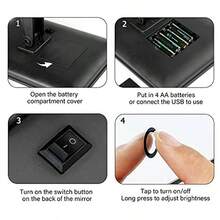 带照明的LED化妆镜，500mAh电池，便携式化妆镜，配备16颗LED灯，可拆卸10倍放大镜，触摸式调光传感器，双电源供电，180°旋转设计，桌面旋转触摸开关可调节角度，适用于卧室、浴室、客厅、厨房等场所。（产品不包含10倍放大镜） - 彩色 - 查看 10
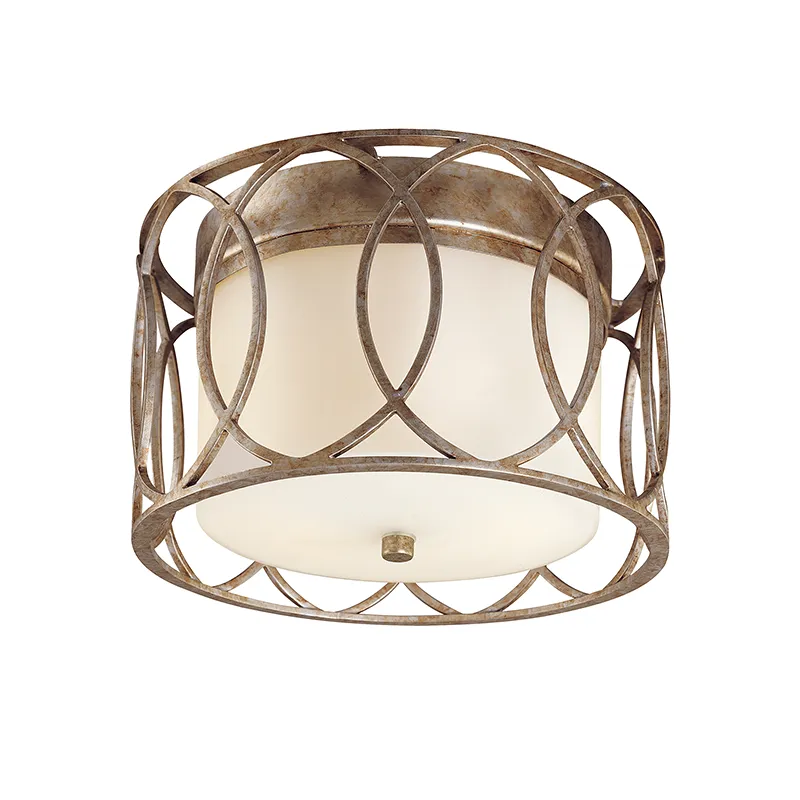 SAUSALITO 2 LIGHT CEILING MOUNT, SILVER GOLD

...

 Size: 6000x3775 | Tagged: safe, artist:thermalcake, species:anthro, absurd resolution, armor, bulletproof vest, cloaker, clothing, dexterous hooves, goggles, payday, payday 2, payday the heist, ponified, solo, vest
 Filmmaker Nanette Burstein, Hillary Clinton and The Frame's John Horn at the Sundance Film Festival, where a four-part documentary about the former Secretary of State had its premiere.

### Assigned task
Set down, exactly as written above, each line from the one with "- 彩色 - 查看 10" through the one with "SAUSALITO 2 LIGHT CEILING MOUNT, SILVER GOLD", and skip the pictures.

### Your response
 带照明的LED化妆镜，500mAh电池，便携式化妆镜，配备16颗LED灯，可拆卸10倍放大镜，触摸式调光传感器，双电源供电，180°旋转设计，桌面旋转触摸开关可调节角度，适用于卧室、浴室、客厅、厨房等场所。（产品不包含10倍放大镜） - 彩色 - 查看 10
 SAUSALITO 2 LIGHT CEILING MOUNT, SILVER GOLD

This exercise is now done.